• _DATA FOR THE TASK_
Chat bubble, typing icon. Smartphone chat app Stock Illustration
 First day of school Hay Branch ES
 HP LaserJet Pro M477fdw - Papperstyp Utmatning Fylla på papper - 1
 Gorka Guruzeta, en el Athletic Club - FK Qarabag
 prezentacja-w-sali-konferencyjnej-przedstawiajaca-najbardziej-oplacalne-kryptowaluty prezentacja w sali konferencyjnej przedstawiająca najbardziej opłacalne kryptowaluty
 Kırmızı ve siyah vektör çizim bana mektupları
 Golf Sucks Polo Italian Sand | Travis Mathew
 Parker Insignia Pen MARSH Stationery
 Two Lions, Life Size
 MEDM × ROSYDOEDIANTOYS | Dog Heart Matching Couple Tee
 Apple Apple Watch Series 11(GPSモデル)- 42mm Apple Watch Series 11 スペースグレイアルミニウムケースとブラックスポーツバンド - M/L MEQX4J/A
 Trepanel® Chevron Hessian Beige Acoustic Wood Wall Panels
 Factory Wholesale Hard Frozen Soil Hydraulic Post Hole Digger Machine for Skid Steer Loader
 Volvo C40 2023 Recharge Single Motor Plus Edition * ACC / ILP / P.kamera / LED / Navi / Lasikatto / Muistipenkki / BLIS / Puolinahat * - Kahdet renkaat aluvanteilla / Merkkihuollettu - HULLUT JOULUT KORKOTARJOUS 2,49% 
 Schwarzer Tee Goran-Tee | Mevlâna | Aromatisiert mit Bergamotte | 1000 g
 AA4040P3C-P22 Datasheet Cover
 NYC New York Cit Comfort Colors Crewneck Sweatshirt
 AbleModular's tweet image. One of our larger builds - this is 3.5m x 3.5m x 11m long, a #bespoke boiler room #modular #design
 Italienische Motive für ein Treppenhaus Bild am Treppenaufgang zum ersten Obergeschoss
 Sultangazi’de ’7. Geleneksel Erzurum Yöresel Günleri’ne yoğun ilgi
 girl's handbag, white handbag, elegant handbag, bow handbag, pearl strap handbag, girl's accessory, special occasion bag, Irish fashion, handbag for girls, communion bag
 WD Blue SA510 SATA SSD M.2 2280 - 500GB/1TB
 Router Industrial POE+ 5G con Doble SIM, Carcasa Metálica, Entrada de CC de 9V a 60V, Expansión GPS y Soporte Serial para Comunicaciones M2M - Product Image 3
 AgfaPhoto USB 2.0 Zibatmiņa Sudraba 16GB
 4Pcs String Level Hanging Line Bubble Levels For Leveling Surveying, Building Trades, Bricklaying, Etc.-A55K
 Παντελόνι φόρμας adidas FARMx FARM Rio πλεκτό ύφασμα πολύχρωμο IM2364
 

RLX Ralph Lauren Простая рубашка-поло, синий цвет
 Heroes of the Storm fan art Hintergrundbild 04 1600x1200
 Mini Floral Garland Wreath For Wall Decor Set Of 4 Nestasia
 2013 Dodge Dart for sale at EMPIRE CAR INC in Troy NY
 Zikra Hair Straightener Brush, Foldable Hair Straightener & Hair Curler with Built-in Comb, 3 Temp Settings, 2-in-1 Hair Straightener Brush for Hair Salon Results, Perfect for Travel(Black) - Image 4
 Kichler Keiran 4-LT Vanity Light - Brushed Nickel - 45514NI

• _INSTRUCTIONS FOR THE TASK_
Transcribe the data above in full, exactly as it appears.

• _REPLY TO THE EXERCISE_
Chat bubble, typing icon. Smartphone chat app Stock Illustration
 First day of school Hay Branch ES
 HP LaserJet Pro M477fdw - Papperstyp Utmatning Fylla på papper - 1
 Gorka Guruzeta, en el Athletic Club - FK Qarabag
 prezentacja-w-sali-konferencyjnej-przedstawiajaca-najbardziej-oplacalne-kryptowaluty prezentacja w sali konferencyjnej przedstawiająca najbardziej opłacalne kryptowaluty
 Kırmızı ve siyah vektör çizim bana mektupları
 Golf Sucks Polo Italian Sand | Travis Mathew
 Parker Insignia Pen MARSH Stationery
 Two Lions, Life Size
 MEDM × ROSYDOEDIANTOYS | Dog Heart Matching Couple Tee
 Apple Apple Watch Series 11(GPSモデル)- 42mm Apple Watch Series 11 スペースグレイアルミニウムケースとブラックスポーツバンド - M/L MEQX4J/A
 Trepanel® Chevron Hessian Beige Acoustic Wood Wall Panels
 Factory Wholesale Hard Frozen Soil Hydraulic Post Hole Digger Machine for Skid Steer Loader
 Volvo C40 2023 Recharge Single Motor Plus Edition * ACC / ILP / P.kamera / LED / Navi / Lasikatto / Muistipenkki / BLIS / Puolinahat * - Kahdet renkaat aluvanteilla / Merkkihuollettu - HULLUT JOULUT KORKOTARJOUS 2,49% 
 Schwarzer Tee Goran-Tee | Mevlâna | Aromatisiert mit Bergamotte | 1000 g
 AA4040P3C-P22 Datasheet Cover
 NYC New York Cit Comfort Colors Crewneck Sweatshirt
 AbleModular's tweet image. One of our larger builds - this is 3.5m x 3.5m x 11m long, a #bespoke boiler room #modular #design
 Italienische Motive für ein Treppenhaus Bild am Treppenaufgang zum ersten Obergeschoss
 Sultangazi’de ’7. Geleneksel Erzurum Yöresel Günleri’ne yoğun ilgi
 girl's handbag, white handbag, elegant handbag, bow handbag, pearl strap handbag, girl's accessory, special occasion bag, Irish fashion, handbag for girls, communion bag
 WD Blue SA510 SATA SSD M.2 2280 - 500GB/1TB
 Router Industrial POE+ 5G con Doble SIM, Carcasa Metálica, Entrada de CC de 9V a 60V, Expansión GPS y Soporte Serial para Comunicaciones M2M - Product Image 3
 AgfaPhoto USB 2.0 Zibatmiņa Sudraba 16GB
 4Pcs String Level Hanging Line Bubble Levels For Leveling Surveying, Building Trades, Bricklaying, Etc.-A55K
 Παντελόνι φόρμας adidas FARMx FARM Rio πλεκτό ύφασμα πολύχρωμο IM2364
 

RLX Ralph Lauren Простая рубашка-поло, синий цвет
 Heroes of the Storm fan art Hintergrundbild 04 1600x1200
 Mini Floral Garland Wreath For Wall Decor Set Of 4 Nestasia
 2013 Dodge Dart for sale at EMPIRE CAR INC in Troy NY
 Zikra Hair Straightener Brush, Foldable Hair Straightener & Hair Curler with Built-in Comb, 3 Temp Settings, 2-in-1 Hair Straightener Brush for Hair Salon Results, Perfect for Travel(Black) - Image 4
 Kichler Keiran 4-LT Vanity Light - Brushed Nickel - 45514NI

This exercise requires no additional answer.